**TASK**. Keep only the lines of the material below that contain the word "dans". Copy those lines.

**INPUT RECORDS**.
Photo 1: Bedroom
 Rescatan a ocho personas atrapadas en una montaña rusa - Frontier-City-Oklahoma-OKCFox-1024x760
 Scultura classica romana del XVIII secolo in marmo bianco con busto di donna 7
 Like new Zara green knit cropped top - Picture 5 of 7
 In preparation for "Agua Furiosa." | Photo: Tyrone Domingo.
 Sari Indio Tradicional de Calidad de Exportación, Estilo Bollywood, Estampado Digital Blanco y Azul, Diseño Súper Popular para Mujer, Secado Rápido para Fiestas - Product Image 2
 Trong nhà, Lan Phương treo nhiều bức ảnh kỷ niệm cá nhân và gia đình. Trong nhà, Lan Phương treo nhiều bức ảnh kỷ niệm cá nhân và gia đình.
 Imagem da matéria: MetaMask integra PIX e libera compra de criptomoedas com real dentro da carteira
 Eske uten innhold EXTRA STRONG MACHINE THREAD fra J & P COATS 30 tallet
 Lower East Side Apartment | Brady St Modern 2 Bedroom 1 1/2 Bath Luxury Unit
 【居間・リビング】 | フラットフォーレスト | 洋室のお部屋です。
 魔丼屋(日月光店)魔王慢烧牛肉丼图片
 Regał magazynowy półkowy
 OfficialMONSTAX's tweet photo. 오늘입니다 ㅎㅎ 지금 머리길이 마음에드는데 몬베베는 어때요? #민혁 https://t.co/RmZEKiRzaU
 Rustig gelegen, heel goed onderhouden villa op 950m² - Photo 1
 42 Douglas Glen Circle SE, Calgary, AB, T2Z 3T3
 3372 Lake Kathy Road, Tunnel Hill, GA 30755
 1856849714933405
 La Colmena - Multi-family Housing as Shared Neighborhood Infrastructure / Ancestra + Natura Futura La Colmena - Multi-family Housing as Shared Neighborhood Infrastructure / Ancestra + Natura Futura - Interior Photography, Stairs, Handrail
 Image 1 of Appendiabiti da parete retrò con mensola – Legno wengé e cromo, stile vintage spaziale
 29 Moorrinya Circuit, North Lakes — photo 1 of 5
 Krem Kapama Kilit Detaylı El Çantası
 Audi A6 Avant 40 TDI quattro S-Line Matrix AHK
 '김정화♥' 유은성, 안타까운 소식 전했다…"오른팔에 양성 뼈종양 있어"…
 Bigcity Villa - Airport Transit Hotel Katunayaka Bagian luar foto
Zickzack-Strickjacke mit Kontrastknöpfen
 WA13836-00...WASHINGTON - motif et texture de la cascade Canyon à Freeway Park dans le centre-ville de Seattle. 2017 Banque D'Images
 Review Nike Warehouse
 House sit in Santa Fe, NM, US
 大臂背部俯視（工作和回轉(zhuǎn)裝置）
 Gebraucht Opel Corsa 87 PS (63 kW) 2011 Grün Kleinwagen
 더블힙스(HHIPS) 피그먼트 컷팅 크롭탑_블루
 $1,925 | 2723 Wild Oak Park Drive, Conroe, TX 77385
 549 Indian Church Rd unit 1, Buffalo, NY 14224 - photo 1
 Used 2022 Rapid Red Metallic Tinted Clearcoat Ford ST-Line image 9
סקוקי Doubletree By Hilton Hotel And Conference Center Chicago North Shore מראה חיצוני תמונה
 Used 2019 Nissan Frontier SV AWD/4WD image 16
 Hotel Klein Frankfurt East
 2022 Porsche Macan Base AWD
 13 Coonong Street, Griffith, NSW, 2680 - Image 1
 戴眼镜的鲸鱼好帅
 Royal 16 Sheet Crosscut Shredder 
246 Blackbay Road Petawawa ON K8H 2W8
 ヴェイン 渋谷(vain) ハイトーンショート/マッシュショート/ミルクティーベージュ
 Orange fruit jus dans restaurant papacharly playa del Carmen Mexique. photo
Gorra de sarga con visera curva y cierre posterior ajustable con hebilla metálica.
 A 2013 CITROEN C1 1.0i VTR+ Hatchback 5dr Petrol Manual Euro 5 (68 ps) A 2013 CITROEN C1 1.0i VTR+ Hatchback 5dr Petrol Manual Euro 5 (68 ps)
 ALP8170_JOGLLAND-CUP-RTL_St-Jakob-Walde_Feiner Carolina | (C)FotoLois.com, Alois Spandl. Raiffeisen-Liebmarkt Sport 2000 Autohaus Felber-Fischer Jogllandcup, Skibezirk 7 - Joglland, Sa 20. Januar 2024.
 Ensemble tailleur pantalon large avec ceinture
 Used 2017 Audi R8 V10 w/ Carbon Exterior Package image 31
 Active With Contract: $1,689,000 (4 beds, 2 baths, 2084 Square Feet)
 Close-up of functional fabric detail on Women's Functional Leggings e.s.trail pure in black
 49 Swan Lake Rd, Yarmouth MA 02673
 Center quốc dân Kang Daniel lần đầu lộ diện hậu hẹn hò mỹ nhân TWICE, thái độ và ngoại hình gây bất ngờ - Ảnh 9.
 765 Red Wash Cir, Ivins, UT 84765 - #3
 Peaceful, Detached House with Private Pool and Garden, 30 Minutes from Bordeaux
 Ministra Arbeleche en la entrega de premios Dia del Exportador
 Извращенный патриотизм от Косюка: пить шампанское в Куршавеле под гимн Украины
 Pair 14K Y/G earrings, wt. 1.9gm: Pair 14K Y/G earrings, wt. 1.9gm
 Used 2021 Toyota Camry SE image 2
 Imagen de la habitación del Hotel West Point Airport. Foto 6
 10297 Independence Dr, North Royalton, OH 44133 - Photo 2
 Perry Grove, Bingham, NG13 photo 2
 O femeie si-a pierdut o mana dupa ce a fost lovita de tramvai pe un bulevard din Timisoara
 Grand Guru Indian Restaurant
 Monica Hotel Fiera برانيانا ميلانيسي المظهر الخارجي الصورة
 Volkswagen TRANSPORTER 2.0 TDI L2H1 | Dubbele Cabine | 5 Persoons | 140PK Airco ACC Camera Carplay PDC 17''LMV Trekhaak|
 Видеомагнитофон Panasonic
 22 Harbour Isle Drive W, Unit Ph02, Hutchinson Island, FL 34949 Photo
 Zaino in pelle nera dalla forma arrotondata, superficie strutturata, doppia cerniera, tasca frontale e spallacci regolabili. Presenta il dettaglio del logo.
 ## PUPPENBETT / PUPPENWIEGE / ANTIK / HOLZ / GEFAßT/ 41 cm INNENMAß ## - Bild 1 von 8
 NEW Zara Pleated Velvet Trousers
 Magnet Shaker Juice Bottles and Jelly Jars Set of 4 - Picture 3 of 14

**WRITTEN ANSWER**.
 WA13836-00...WASHINGTON - motif et texture de la cascade Canyon à Freeway Park dans le centre-ville de Seattle. 2017 Banque D'Images
 Orange fruit jus dans restaurant papacharly playa del Carmen Mexique. photo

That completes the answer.